とっぷぺぇ~じ

ふと、目が覚めた。

ここは一体どこだろう……。

周囲はただのたんぼ道。

通学によく使う道だ。

確か……レナを探しにゴミ山に行こうとしたまでは覚えている。

それから……えっと……。

「あ、いたいた。
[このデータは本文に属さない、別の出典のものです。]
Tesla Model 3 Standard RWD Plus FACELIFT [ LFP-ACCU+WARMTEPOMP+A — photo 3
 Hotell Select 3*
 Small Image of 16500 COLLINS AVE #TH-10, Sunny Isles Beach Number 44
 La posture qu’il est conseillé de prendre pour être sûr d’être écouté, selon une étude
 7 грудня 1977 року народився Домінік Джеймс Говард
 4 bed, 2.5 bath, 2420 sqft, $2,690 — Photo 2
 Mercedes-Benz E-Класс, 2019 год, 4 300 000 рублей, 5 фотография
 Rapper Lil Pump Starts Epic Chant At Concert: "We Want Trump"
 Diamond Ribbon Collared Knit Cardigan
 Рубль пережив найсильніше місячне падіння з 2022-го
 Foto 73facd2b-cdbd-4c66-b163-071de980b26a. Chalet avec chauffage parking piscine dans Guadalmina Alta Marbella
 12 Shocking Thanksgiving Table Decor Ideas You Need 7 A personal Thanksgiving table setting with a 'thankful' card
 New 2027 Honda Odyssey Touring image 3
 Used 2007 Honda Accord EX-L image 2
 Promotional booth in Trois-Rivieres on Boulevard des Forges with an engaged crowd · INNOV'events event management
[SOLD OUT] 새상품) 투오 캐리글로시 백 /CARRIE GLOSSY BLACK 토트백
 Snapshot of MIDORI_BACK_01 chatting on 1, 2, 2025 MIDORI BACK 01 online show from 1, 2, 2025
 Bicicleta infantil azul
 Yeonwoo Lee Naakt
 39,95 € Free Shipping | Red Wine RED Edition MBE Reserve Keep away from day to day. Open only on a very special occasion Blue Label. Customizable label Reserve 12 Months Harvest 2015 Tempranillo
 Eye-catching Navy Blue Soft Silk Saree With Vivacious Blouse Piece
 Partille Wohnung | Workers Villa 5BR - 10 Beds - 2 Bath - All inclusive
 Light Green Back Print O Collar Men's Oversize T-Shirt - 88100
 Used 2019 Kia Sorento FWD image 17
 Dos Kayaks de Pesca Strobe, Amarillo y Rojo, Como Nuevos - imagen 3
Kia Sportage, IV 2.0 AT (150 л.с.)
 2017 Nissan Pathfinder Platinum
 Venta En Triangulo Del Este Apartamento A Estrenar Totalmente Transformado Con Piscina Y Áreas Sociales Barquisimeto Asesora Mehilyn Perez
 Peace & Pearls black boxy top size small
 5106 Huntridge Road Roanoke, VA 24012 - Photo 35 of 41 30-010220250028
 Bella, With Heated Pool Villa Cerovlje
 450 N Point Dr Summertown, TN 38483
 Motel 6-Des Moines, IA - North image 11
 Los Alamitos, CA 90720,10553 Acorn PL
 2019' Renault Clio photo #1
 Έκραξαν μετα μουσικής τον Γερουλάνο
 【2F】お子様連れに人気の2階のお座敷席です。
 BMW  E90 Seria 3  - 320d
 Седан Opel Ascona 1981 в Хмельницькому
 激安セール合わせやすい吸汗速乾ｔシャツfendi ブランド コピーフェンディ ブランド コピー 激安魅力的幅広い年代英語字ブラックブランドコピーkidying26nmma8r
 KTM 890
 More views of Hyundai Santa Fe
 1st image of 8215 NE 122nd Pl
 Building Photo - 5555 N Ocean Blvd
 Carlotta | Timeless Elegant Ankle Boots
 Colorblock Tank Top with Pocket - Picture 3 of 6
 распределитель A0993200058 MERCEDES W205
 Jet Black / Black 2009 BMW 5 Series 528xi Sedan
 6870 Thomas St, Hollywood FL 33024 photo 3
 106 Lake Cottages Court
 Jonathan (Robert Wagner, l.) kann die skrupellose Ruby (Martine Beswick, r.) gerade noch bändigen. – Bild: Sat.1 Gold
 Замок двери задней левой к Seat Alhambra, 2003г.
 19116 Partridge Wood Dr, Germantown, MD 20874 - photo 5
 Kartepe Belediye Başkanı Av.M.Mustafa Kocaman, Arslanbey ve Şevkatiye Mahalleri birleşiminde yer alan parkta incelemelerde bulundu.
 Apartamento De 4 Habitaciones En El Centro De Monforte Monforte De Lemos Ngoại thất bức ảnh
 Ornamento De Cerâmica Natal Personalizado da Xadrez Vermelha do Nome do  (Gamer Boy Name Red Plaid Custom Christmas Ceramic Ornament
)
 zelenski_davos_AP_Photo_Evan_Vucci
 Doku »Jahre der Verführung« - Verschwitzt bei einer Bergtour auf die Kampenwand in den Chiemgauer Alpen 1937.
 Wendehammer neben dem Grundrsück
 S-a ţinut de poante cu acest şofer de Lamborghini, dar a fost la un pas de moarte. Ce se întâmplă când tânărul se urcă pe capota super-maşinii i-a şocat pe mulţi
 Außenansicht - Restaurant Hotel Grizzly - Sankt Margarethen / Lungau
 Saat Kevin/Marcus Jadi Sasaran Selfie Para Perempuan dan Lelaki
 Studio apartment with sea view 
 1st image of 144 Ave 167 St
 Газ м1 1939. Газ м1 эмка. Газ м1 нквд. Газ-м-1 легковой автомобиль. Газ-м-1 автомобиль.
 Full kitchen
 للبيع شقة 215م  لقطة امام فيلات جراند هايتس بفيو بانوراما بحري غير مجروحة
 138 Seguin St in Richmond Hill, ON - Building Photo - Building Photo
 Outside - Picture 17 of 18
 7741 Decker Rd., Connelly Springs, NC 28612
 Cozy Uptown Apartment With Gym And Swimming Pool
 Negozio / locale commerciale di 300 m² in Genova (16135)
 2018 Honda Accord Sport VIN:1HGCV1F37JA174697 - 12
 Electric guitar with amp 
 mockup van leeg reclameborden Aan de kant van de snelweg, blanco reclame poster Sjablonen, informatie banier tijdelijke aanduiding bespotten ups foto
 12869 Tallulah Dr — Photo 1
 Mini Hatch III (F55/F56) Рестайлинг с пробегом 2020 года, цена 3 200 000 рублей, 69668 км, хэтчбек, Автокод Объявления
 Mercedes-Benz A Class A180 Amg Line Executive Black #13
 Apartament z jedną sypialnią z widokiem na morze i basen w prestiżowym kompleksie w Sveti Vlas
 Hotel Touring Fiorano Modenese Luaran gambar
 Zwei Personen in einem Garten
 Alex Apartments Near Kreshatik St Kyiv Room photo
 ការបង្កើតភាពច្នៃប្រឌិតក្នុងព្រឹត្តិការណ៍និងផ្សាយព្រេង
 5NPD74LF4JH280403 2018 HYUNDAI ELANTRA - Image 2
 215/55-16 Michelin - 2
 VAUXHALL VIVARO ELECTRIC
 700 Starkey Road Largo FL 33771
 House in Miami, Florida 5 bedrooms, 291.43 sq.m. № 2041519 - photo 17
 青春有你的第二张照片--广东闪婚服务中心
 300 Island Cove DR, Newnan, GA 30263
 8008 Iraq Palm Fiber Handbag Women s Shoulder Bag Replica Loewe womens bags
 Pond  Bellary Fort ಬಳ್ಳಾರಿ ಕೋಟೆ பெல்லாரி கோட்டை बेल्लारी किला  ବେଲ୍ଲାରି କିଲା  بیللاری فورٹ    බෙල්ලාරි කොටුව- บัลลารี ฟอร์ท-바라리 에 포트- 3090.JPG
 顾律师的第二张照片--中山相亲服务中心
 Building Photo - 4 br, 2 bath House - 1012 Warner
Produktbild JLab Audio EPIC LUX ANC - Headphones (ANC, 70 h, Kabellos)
おーい圭ちゃーん!」

立ち上がった俺に、後方から呼びかけてくる人がいる。

圭ちゃんなんて呼ぶのは、魅音か詩音しかいない。

俺は振り返りながら、姿を確認する……。

「な、なんだぁ!?」

そこには、内股で走りながら手を振っている富竹さんがいた。

「圭ちゃ~ん!!」

汗をかき、全力で走りながら、俺の名前を呼ぶ中年。

「ひ、ひぃぃ!!」

俺が全力で逃げ出すのに躊躇いはいらなかった。

「も~! なんで逃げるの圭ちゃん~! おじさんが折角探しにきたっていうのにー!」

おじさんはおじさんでも本当のおじさんになってるじゃねぇか!!

あ、あんなの魅音じゃねぇ!!

逃げ続ける俺……段々距離が縮まって来た……。

やばい……捕まったら何をされるかわかったもんじゃない。

「みー。圭一、なにを慌てているのですか?」

り、梨花ちゃ……じゃなあああああああい!!

目の前には、小首を傾げて不思議そうな顔をしている赤坂さんがいた。

「みー?」

「ぎゃああああああ!!」

俺はまたも全速力で走り出す。

なんだよこれなんだよこれ。

めちゃくちゃ怖いじゃねぇか!!

畜生なんだよこれ!!?

「あらあら、圭一さんは何をなさってるんですの?」

横から声をかけられ、俺はもう……覚悟していた。

見た瞬間に駆け出す。

「な、なんですの圭一さーん!! 私を無視するなんてー!! むきー!!」

監督の姿をした沙都子だった。

涙がぼろぼろ流れる。

なんだこの雛見沢は、こんな……こんな雛見沢俺はイヤだ!!

がむしゃらに走り続け、気が付いたらゴミ山にいた。

「圭一君……」

不意に聞こえた声。

そう、ここに来て俺はやっと理解した。

俺は、彼女を待っていた。

この悪夢を唯一、きっと終わらせる事が出来る。

ゴミ山の上、車の上で両手を広げるレナ。

「れ、レナ……頼む!! あの言葉を言ってくれ!!」

早く言ってくれないと……!!

「おーい、圭ちゃーん」

「圭一ー、大丈夫なのですかー?」

「ちょっと圭一さん!! どこまで逃げるつもりなんですの!?」

あの化け物どもが来ちまう!!

「レナあああああああああああ!!」

 

「嘘だっ!!!!!!」

 

彼女の魔法の一言が放たれた瞬間、俺は自室で目が覚めていた。

夢、か……。

ふとカレンダーを見て、確信する。

今日は、四月一日だったからだ。